A judge recently rejected an application by the Official Solicitor for a London borough to pay its costs in proceedings under Section 21A of the Mental Capacity Act 2005. The Court of Protection team at 39 Essex Chambers analyse the judgment.
The case of BP v LB Harrow  EWCOP 20 was a s.21A MCA 2005 application made on behalf of “P” who objected to being in a care home. He wanted to return to the family home, where his wife lived. His family were opposed to his return home but declined to become parties to the application or to make any formal statement to the Court.
On behalf of BP, the Official Solicitor eventually sought a trial period at home: this was on the basis that a standard authorisation had imposed a condition that such a trial be conducted but the condition had not been complied with and because BP wanted to return home.
The local authority consistently opposed a trial at home, until the morning of the first day of the 2-day final hearing. The local authority had maintained that opposition at a round table meeting in August 2018.
As a result of the local authority’s offer of a trial period at home, the final hearing was adjourned, the trial at home took place, and it resulted in P being returned to the care home within a relatively short time.

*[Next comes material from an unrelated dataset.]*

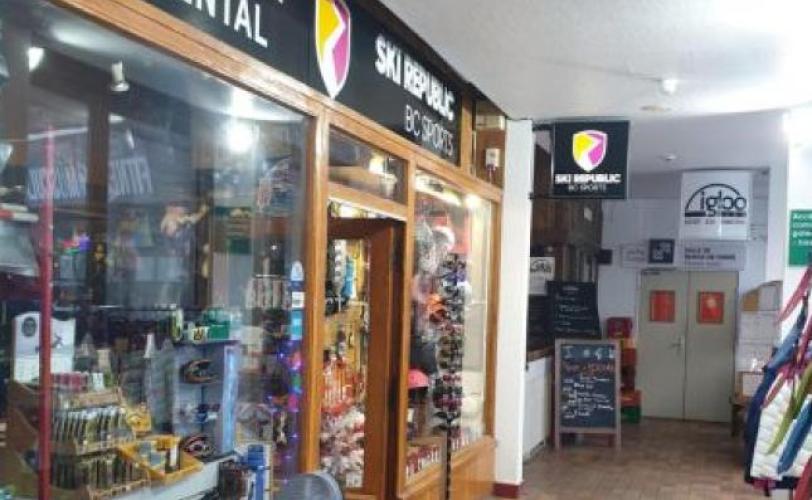 Le Corbier-BC Sports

Final orders were agreed that it was in P’s best interests to remain at the care home. On behalf of BP, the Official Solicitor sought an order that the local authority pay the costs of the final hearing claimed in the region of just over £10,000 excluding VAT.
The Judge held that there had been no new information and no change of position between the local authority’s refusal to agree to a trial period at home during the round table meeting three weeks before the hearing, and their offer to facilitate a trial period at home on the morning of the first day of the trial.
DJ Ellington’s approach to the costs application was to conclude that the conduct of the local authority did not to the necessary degree “represent a blatant disregard of the processes of the Act and the Respondent’s obligation to respect BP’s rights under ECHR as in [Manchester City Council v. G, E and F  EWHC 3385]” (paragraph 40). She therefore made no order as to costs, although she noted that breach of a condition of a standard authorisation would be relevant pre-action conduct for the purposes of CoP Procedure Rules 19.5(2) in relation to costs:
…the standard authorisation granted in November 2017 was subject to a condition that the Managing Authority was to work with social services and BP’s family to arrange trial periods at home. No trial period at home was arranged. This would be relevant pre-action conduct for the purposes of Rule 19.5 (2).
The decision not to award costs against the local authority is somewhat surprising. The judge had pointed out during the judgment that the January 2019 hearing was the second two day hearing in this matter which had not been effective. Thus the court had allocated four days of court time to this case which had not been used. Given the pressure on the Court of Protection, there is a real need for parties to come to early decisions about cases that can be compromised so as to free the courts up for those cases that need judicial intervention. There will of course always be those cases which cannot be compromised until the last minute because new evidence/information is still emerging, but this was not such a case. The local authority appears to have simply changed its mind at the very last minute.
It seems to us that the Court could have come to the opposite conclusion on the facts of this case given the duty on the court to give effect to the overriding objective (see COP Rules 2017 rule 1.1 which includes dealing with cases justly and at proportionate costs which means saving expense and allotting to each case the appropriate share of the court’s resources having regard to the need to allot resources to other cases).